— WHAT TO WORK ON —
From the first line to the last, copy the data exactly and drop the pictures.
--- START ---
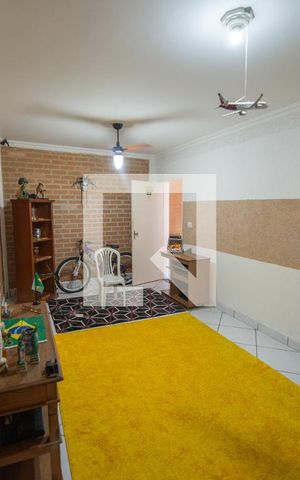 Casa para alugar com 400m², 6 quartos e 4 vagas Casa para alugar com 400m², 6 quartos e 4 vagasQuarto da Edícula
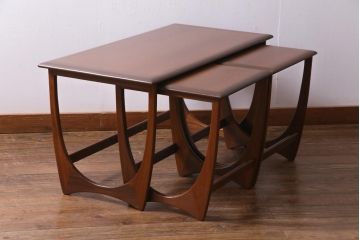 ヴィンテージ家具　イギリスビンテージ　G-PLAN(ジープラン)　チーク材　ネストテーブル(サイドテーブル、センターテーブル、カフェテーブル)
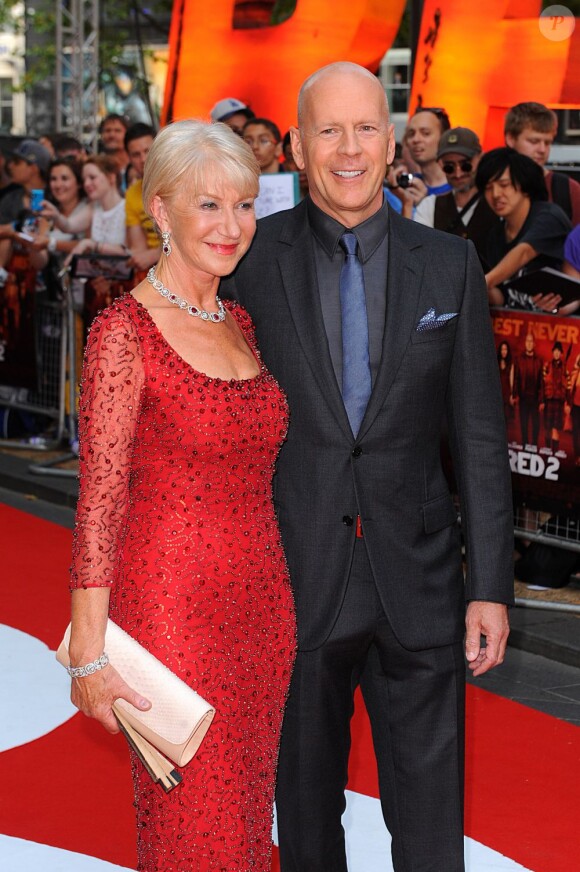 Bruce Willis et Helen Mirren lors de l'avant-première du film Red 2 à Londres le 22 juillet 2013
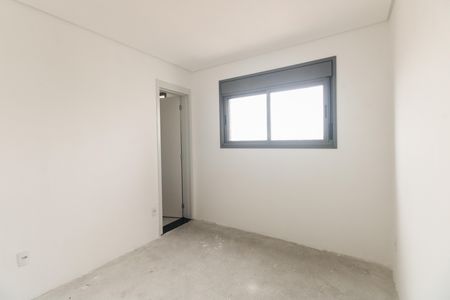 Apartamento à venda com 47m², 2 quartos e 1 vaga Apartamento à venda com 47m², 2 quartos e 1 vagaSuíte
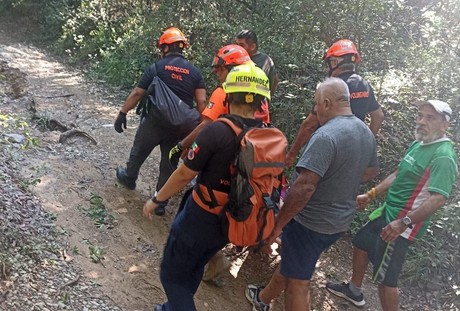 Rescatan a persona de 62 años tras caída en el Cerro de la Silla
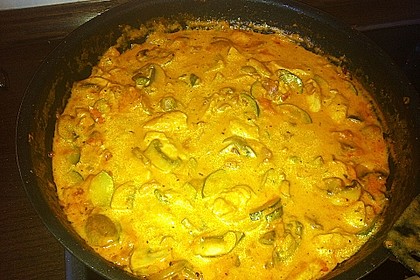 Penne mit Hähnchen und Champignons 25
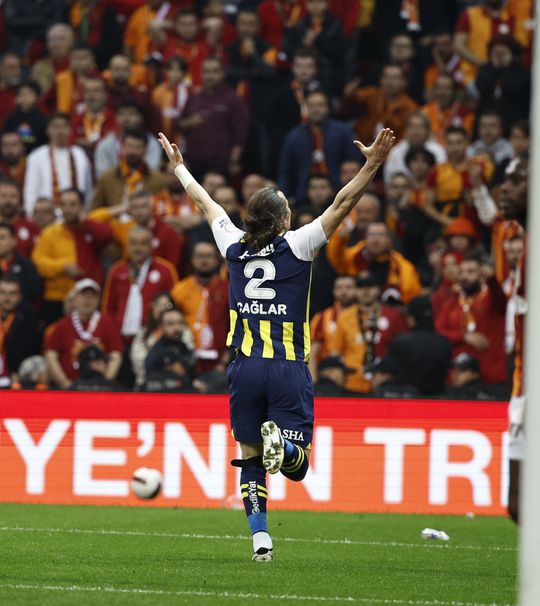 Liga Turca: Fenerbahçe vence dérbi e adia título do Galatasaray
--- END ---
— RESPONSE TO THIS EXERCISE —
 Casa para alugar com 400m², 6 quartos e 4 vagas Casa para alugar com 400m², 6 quartos e 4 vagasQuarto da Edícula
 ヴィンテージ家具　イギリスビンテージ　G-PLAN(ジープラン)　チーク材　ネストテーブル(サイドテーブル、センターテーブル、カフェテーブル)
 Bruce Willis et Helen Mirren lors de l'avant-première du film Red 2 à Londres le 22 juillet 2013
 Apartamento à venda com 47m², 2 quartos e 1 vaga Apartamento à venda com 47m², 2 quartos e 1 vagaSuíte
 Rescatan a persona de 62 años tras caída en el Cerro de la Silla
 Penne mit Hähnchen und Champignons 25
 Liga Turca: Fenerbahçe vence dérbi e adia título do Galatasaray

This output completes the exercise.